26th Sunday of the Year A

Last week we reflected on the nature of a God whose thoughts, as the first reading that day put it, are not our thoughts, and whose ways are not our ways. And we saw how, with this God, there are no deals, no quid pro quos, no earning and no deserving. Nothing we do can make God love us any more or any less. Everything we receive from God is freely given. Since God is love, nothing we do can either increase or diminish the love that is God. Nor can we persuade God to give us what we need, because, if it’s for our good, if it is consistent with God’s dream for us, then God is already giving it before we even realise we need it. And we saw how the traditional religious word to describe this is ‘grace’. Everything that comes from God is grace. Or to put it another way, everything is gift.

But there’s a question around all this which may have already struck some of you. And it’s this. If God loves us so much; if nothing we do can increase or diminish this love; if God loves us when we are bad and when we are good, then what’s the point in being good in the first place? Why not do what everybody else does because, in the end, God loves us all the same anyway? These are, of course, religious rather than faith questions, belonging to a world where people are good, not because they really want to be but because they are afraid not to, but they are important questions nevertheless. And that’s why I would like to try and deal with them now. And the clue is in today’s story of the two brothers.

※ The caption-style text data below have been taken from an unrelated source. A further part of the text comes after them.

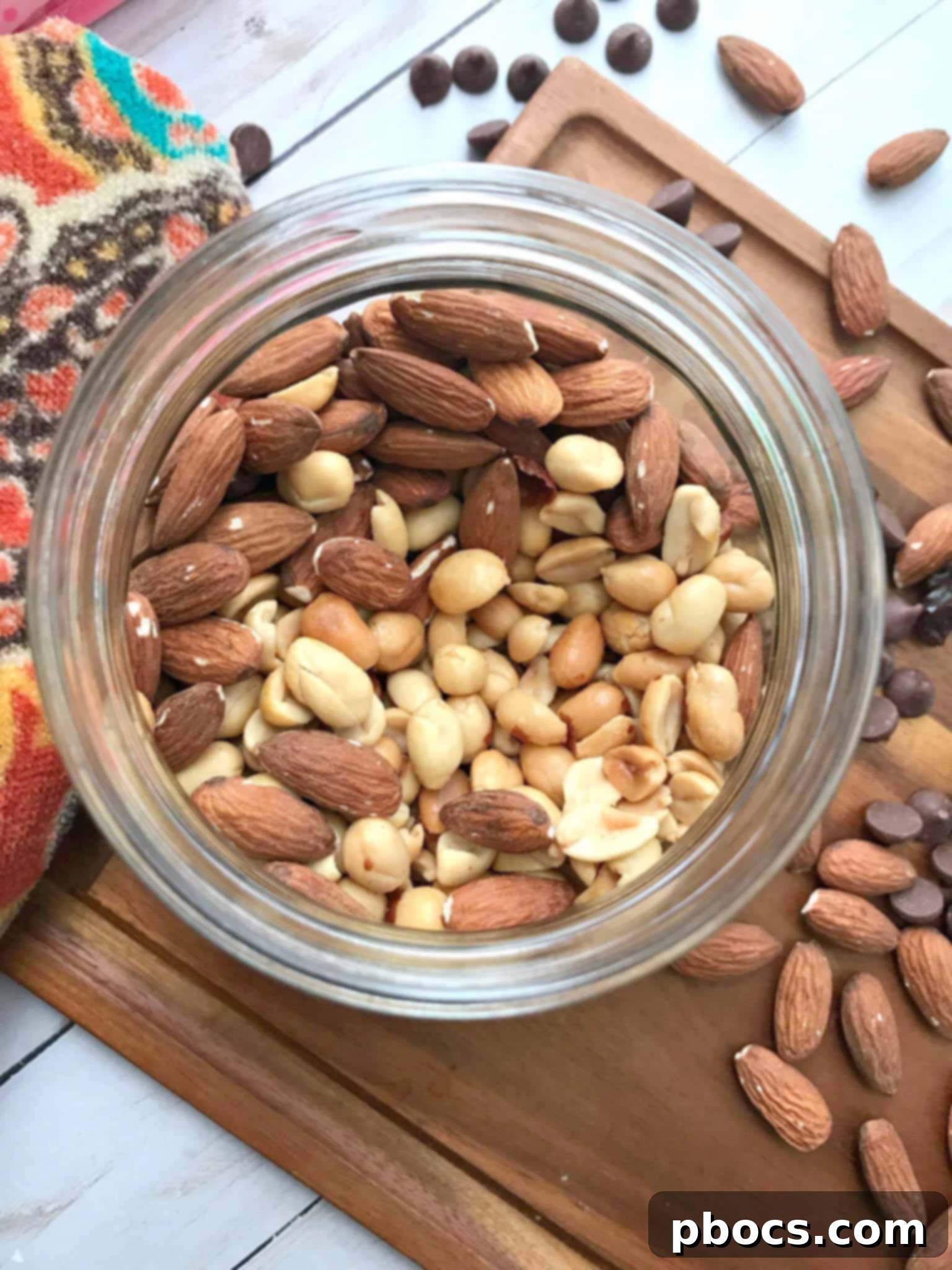 Ingredients for Homemade Trail Mix: Almonds, Peanuts, Dark Chocolate Chips, Raisins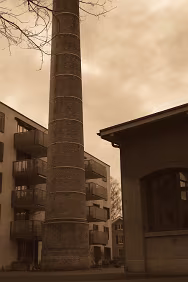 Industrial Spine An old brick chimney stands between former industrial buildings and newly built apartments. Once central to production, it now remains as a vertical witness —...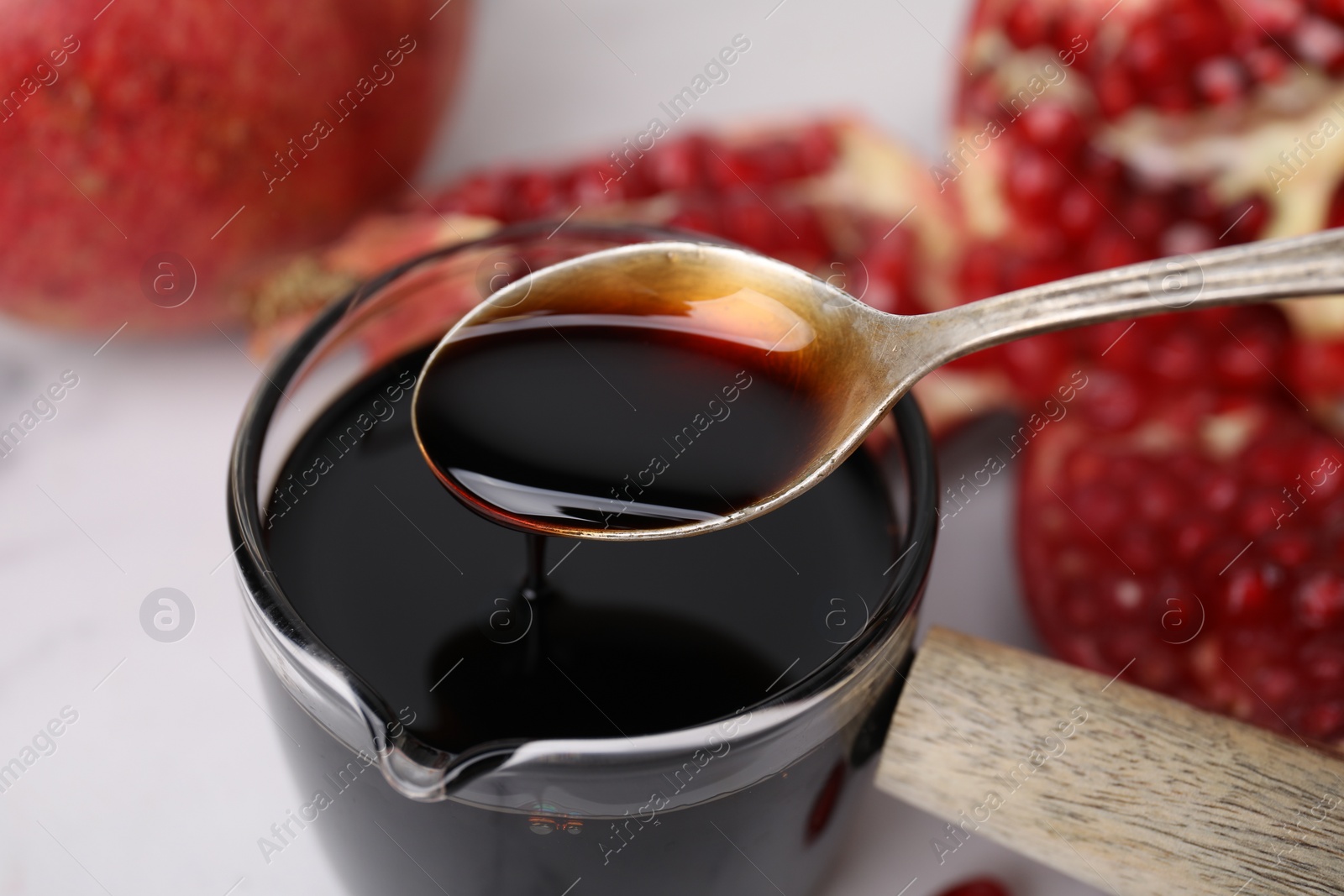 Photo of Taking tasty pomegranate sauce with spoon at white table, closeup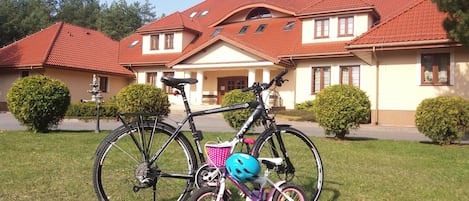 Una bicicleta con casco y una cesta rosa estacionada frente a una casa de techo rojo y paredes blancas.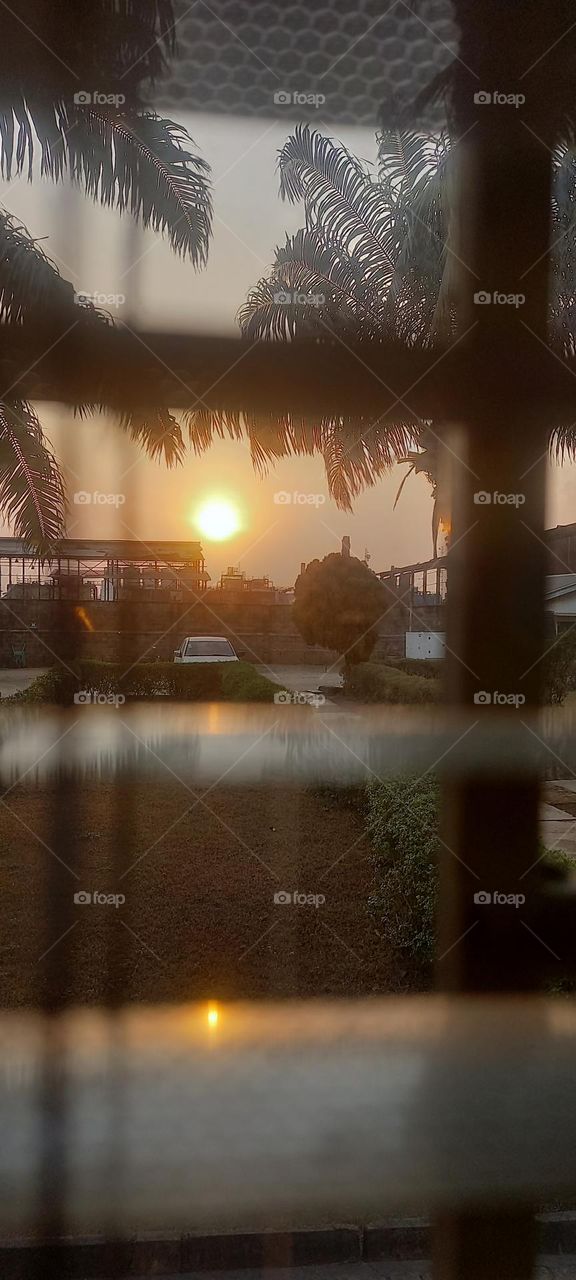 Perfect sunset  viewed from window blinds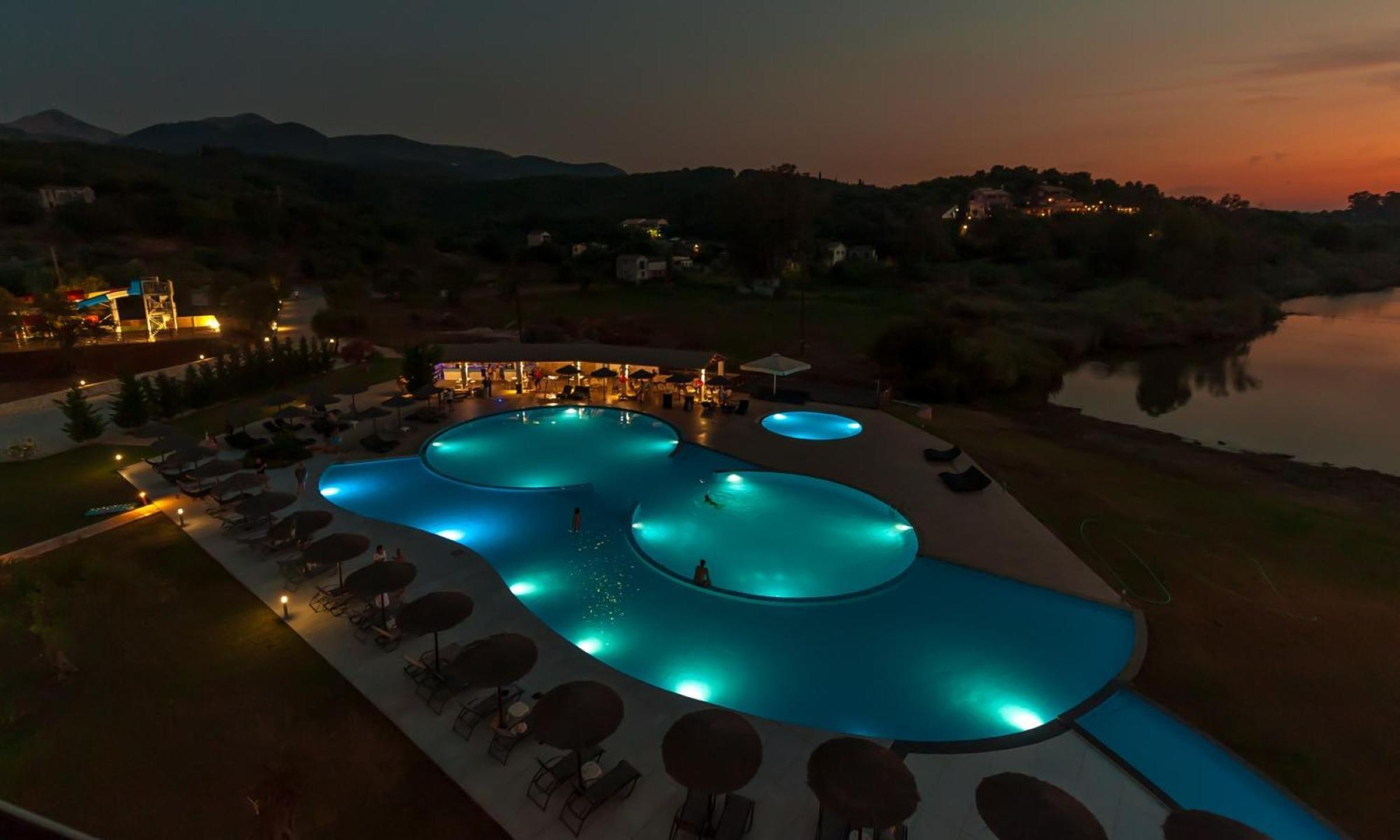 Una amplia piscina exterior con varias secciones, rodeada de sillas de descanso y sombrillas, con colinas y una masa de agua al fondo.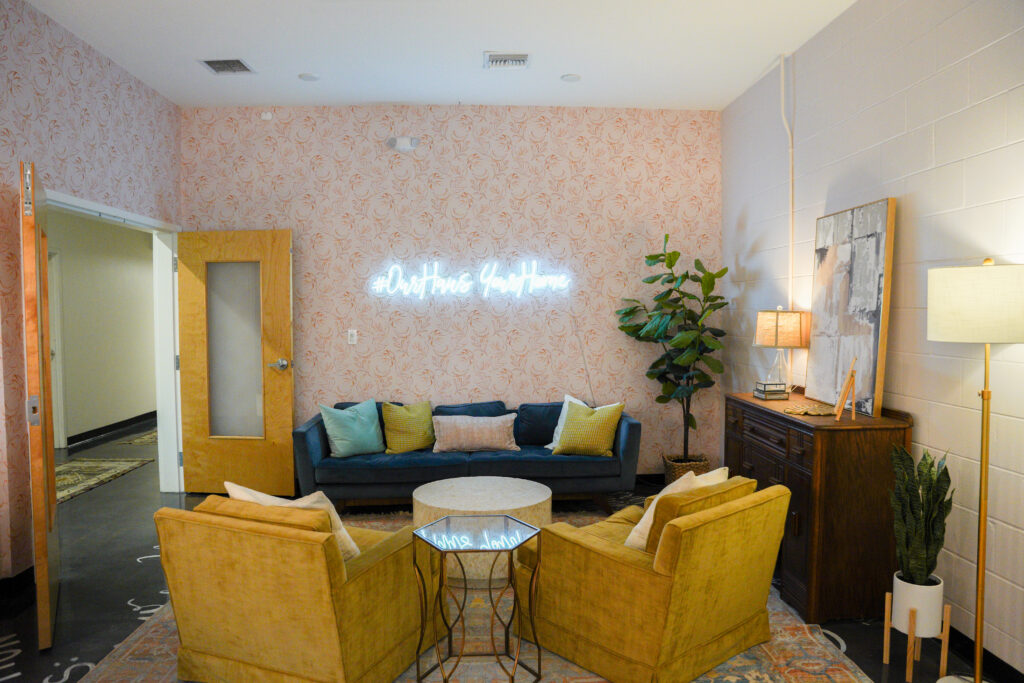 Bridal suite with blue and yellow chairs 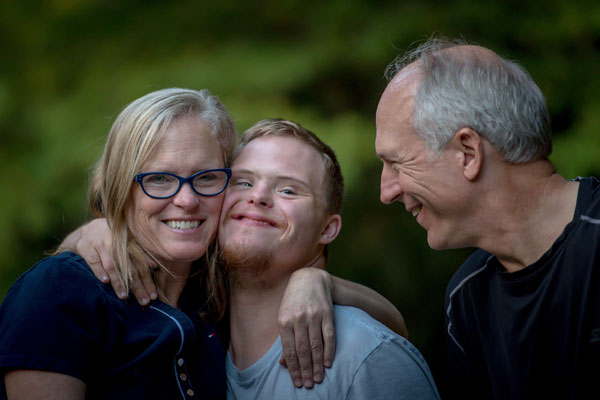 Glueckliche Familie - Mutter, Vater und Sohn mit geistiger Behinderung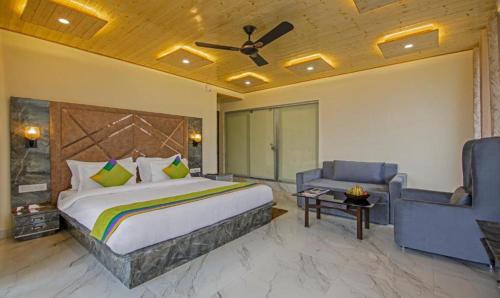 a bedroom with a bed and a couch and a ceiling fan at The Ortus Residency in Dharamshala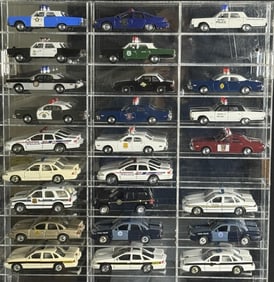Diecast Police Cars Collection 1/43 Scale 25 cars in acrylic mirror backed case. Case has some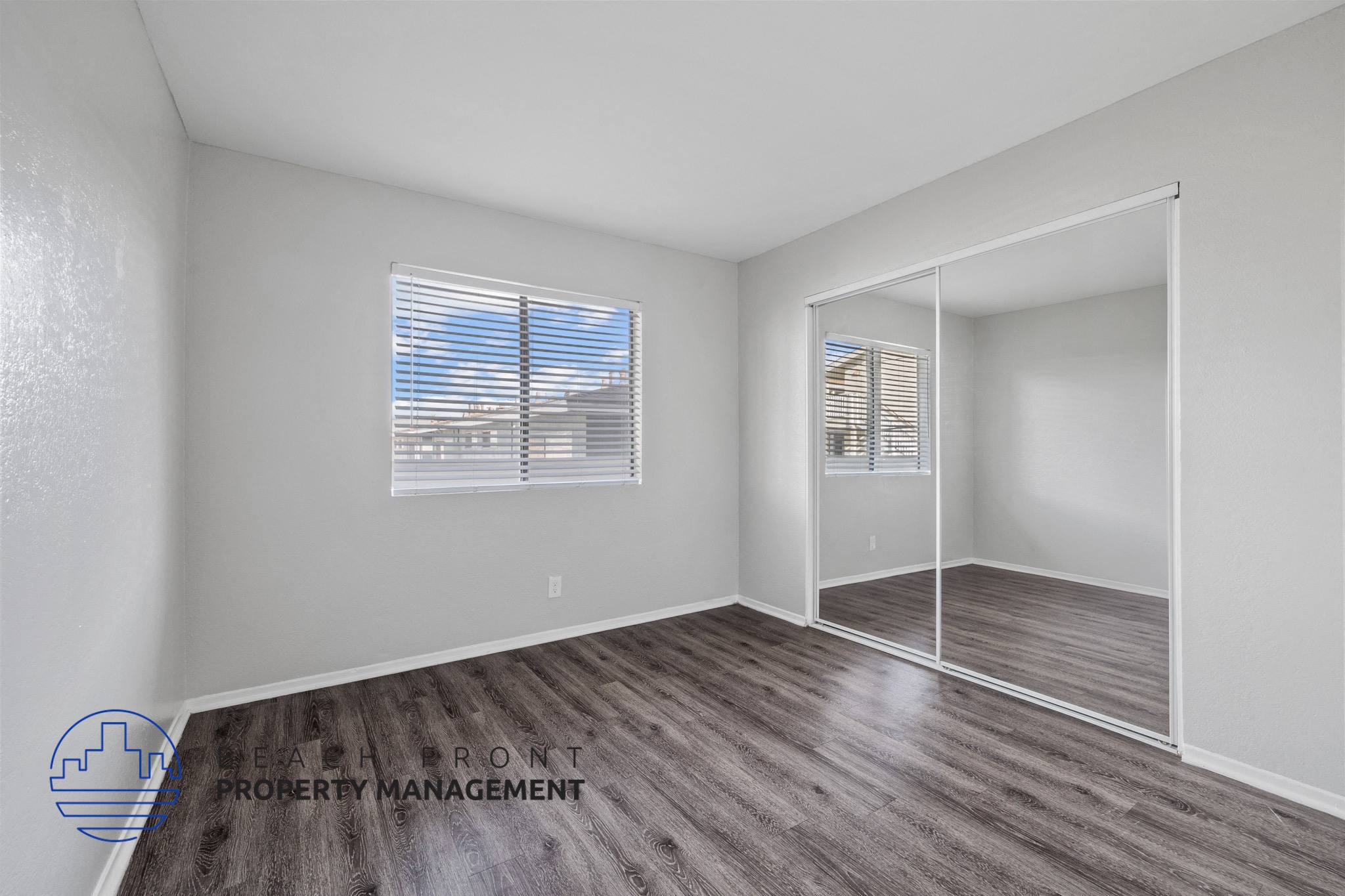 A room with a window and a wooden floor.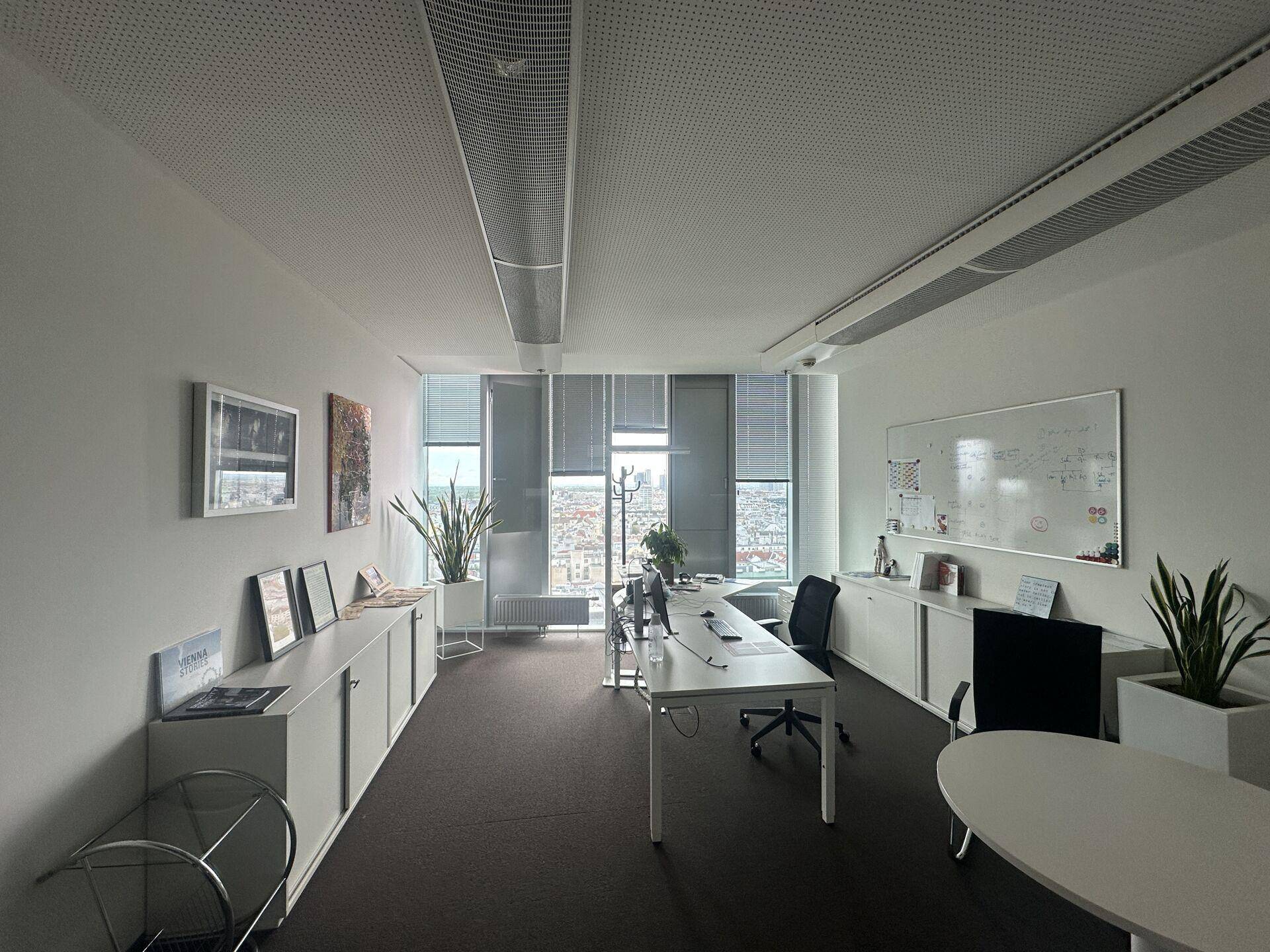 Geräumiges Büro mit langen Schreibtischen, weißen Schränken und großen Fenstern, die viel Tageslicht hereinlassen.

If it’s hard for us to get our heads round a God whose love is so freely given that there are no strings attached, then it is almost as hard to grasp the other side of the mystery we call grace which is our freedom to choose So free is God in God’s self that the very idea of forcing anyone into anything is a contradiction in terms. As every tyrant in history has discovered, you can make people fear you – which is what religion does – but you can never make people love you. And so at the heart of everything that exists there is the most amazing drama unfolding. It’s the drama of a God who offers us everything, the only problem being that we have to exercise the greatest gift we have as human beings created in the image and likeness of God, and freely choose it. And since we have to choose it, and this is not some great game where the board is folded up at the end and everyone goes home, there must exist the possibility at least of our rejecting it. And that’s the drama that’s unfolding, not only in history, but in the life of each one of us. If there are people in hell – whatever that means - then it’s not because God has sent them there but because to be ‘in hell’ is the only logical conclusion to the way an individual has chosen to live his/her life, although there are theologians who would say that the degree of freedom required to make such a choice is so great that nobody is actually ‘in hell’. In other words, what saves us in the end is our stupidity and the fact that a lot of the time we are so blind to what we are doing that we can’t be held fully responsible for our actions. The problem with that is that if there is anybody in hell it will be people like us who, having been exposed so often to the teaching of Jesus and having been fed and nourished each week by the Word and the Eucharist, should have known better. In other words, we run the risk of being the son who said he would go into his father’s vineyard but didn’t.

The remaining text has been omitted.